No, we decided, he is not the longest-serving Mandarin Oriental Hotel Group serving team member. Both gold and silver accolades go to Mandarin Oriental Hong Kong, to Danny Lai, who joined 1972, and Giovanni Valenti, 1979 vintage. When James Berhitoe started here, after years on cruise ships, the hotel had 419 rooms – it was closed in 2007 for two years for a complete re-do, which took the number down. It has been through so many GMs, Danny McCafferty, Duncan Palmer, Graeme Laird, Ingo Peters, Alan Hepburn, Andy Abrams, Mark Bradford and now Max von Reden. I love hotels’ history. Here, the Italian restaurant has come and gone. The Chinese restaurant, Xin Hwa, closes temporarily next January for a new look.

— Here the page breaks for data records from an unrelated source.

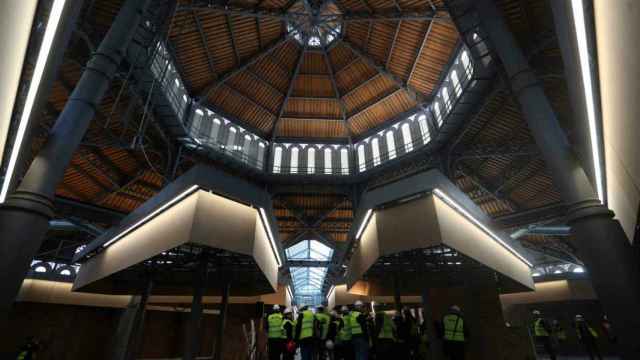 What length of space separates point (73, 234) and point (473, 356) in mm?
38114

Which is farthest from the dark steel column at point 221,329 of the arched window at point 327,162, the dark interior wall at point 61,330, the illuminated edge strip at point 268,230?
the arched window at point 327,162

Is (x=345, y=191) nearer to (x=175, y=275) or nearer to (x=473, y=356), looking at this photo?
(x=175, y=275)

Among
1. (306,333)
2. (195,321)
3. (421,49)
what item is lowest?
(306,333)

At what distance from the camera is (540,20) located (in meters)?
16.1

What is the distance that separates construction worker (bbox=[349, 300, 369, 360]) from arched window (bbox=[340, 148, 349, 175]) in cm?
2519

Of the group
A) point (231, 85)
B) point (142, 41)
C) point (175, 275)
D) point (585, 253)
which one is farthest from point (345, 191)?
point (585, 253)

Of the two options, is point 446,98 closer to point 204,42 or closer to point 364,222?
point 364,222

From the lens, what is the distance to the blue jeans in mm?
10734

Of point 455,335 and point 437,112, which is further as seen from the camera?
point 437,112

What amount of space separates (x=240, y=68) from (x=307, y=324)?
2567cm

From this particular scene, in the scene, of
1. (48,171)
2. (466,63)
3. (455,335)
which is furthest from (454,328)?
(466,63)

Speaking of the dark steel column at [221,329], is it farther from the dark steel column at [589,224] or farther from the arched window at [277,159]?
the arched window at [277,159]

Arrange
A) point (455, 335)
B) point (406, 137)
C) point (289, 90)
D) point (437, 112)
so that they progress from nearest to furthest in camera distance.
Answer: point (455, 335) < point (437, 112) < point (406, 137) < point (289, 90)

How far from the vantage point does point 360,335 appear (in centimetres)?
1073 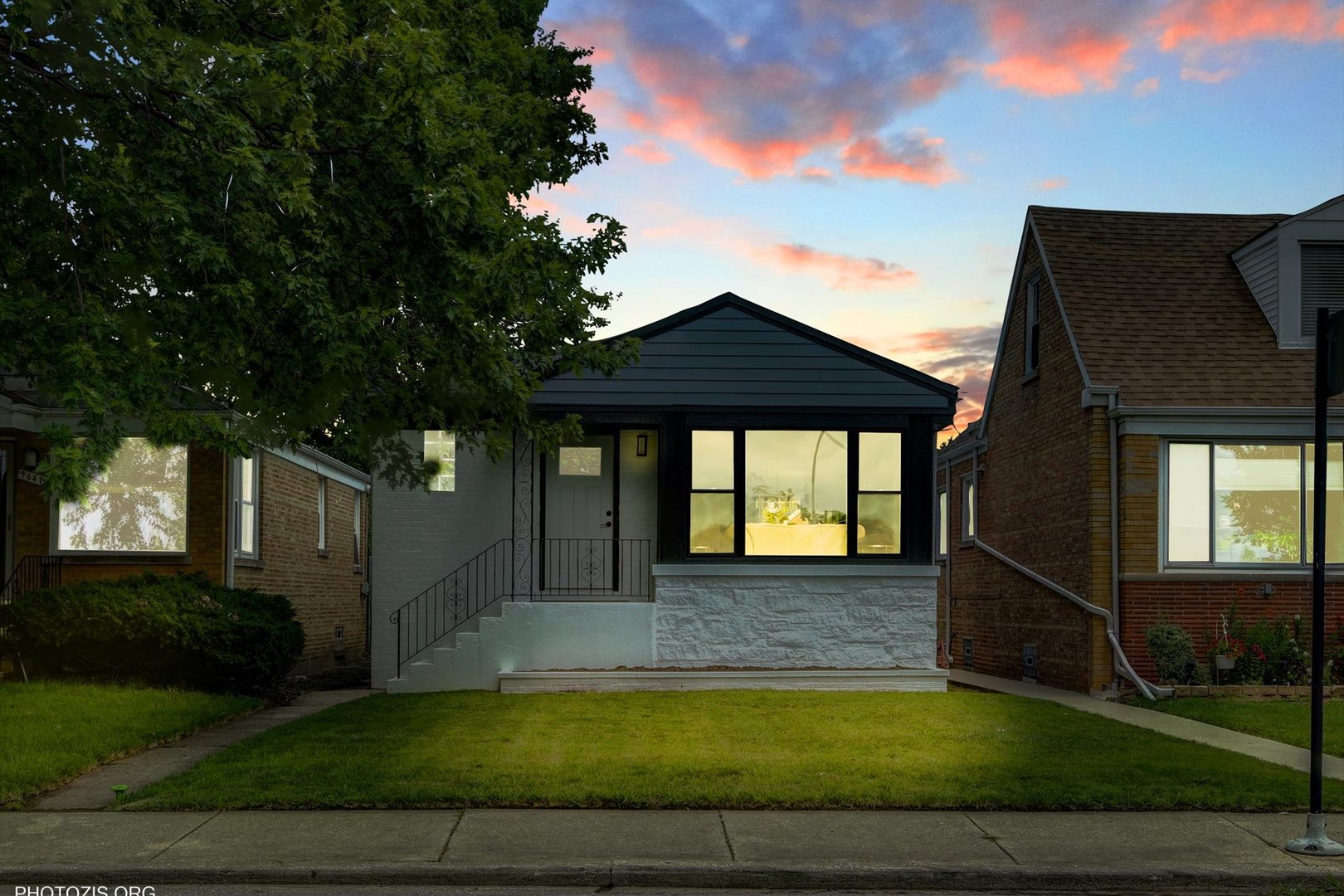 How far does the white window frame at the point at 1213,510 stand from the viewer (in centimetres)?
1811

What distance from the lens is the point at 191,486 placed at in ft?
61.4

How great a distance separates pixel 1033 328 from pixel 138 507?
14396mm

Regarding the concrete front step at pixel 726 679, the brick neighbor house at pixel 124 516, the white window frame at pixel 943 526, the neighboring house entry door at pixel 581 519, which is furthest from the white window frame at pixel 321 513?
the white window frame at pixel 943 526

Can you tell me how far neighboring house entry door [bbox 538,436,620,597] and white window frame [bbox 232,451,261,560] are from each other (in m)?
4.34

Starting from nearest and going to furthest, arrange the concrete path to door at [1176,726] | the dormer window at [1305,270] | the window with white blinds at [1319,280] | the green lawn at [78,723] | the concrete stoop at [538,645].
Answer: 1. the green lawn at [78,723]
2. the concrete path to door at [1176,726]
3. the concrete stoop at [538,645]
4. the dormer window at [1305,270]
5. the window with white blinds at [1319,280]

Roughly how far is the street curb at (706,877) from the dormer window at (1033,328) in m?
14.6

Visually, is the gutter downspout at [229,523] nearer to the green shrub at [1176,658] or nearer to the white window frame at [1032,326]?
the white window frame at [1032,326]

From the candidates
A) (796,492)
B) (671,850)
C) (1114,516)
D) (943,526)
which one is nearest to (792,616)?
(796,492)

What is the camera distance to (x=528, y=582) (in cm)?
1875

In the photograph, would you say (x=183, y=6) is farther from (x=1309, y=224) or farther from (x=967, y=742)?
(x=1309, y=224)

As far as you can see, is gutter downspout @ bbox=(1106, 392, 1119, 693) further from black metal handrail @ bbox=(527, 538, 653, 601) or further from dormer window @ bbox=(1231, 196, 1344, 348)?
black metal handrail @ bbox=(527, 538, 653, 601)

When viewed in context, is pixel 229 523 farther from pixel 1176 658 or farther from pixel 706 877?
pixel 1176 658

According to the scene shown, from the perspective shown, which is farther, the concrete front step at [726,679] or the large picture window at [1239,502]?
the large picture window at [1239,502]

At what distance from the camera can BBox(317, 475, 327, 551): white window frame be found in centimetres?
2470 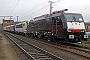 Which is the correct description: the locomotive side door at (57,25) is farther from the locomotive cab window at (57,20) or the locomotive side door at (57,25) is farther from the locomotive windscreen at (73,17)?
the locomotive windscreen at (73,17)

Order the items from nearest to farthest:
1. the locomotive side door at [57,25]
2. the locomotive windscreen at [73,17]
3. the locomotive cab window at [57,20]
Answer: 1. the locomotive windscreen at [73,17]
2. the locomotive side door at [57,25]
3. the locomotive cab window at [57,20]

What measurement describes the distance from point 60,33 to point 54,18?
7.44ft

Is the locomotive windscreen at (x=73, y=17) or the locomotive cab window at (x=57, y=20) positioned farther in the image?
the locomotive cab window at (x=57, y=20)

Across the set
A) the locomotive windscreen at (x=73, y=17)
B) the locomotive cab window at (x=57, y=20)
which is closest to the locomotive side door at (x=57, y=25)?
the locomotive cab window at (x=57, y=20)

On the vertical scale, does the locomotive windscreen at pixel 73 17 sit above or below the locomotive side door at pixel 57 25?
above

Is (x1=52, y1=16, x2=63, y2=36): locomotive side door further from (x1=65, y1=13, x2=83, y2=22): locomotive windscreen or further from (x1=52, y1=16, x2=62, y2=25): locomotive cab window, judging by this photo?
(x1=65, y1=13, x2=83, y2=22): locomotive windscreen

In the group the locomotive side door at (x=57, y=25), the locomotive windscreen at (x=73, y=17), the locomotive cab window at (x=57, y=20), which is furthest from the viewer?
the locomotive cab window at (x=57, y=20)

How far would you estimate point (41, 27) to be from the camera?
1059 inches

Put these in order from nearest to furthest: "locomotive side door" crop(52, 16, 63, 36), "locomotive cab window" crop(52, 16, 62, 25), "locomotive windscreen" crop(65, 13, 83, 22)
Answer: "locomotive windscreen" crop(65, 13, 83, 22) < "locomotive side door" crop(52, 16, 63, 36) < "locomotive cab window" crop(52, 16, 62, 25)

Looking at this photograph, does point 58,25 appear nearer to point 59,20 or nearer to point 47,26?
point 59,20

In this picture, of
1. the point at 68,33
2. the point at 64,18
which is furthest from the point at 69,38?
the point at 64,18

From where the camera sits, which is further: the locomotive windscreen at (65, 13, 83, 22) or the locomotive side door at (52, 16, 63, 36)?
the locomotive side door at (52, 16, 63, 36)

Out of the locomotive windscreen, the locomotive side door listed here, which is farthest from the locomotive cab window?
the locomotive windscreen

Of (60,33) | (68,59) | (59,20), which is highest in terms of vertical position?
(59,20) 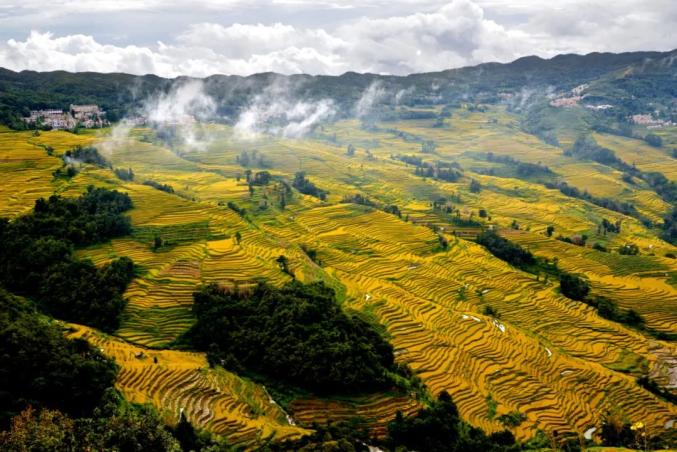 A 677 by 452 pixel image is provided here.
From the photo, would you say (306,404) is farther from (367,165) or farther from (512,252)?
(367,165)

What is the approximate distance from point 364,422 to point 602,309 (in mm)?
18903

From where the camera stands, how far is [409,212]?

Today, the chef started us off with crispy pekin duck skin with pancake and hoisin sauce, crystal dumpling with Alaska crab and spinach, a steamed vegetable dumpling, and a seafood and fish roe dumpling. Next came steamed Pacific garoupa with an egg white sauce purée and coriander, served in a Cantonese clay pot. Next were wok stir-fried prawns with homemade bean curd and asparagus. Next was a dumpling filled with stir-fried mee sua noodles with seafood. After that I said stop, please, and anyway it was time to move on – though all the local Indonesian-Chinese families around us seemed to be determined to spend all the afternoon eating in this luxury hotel.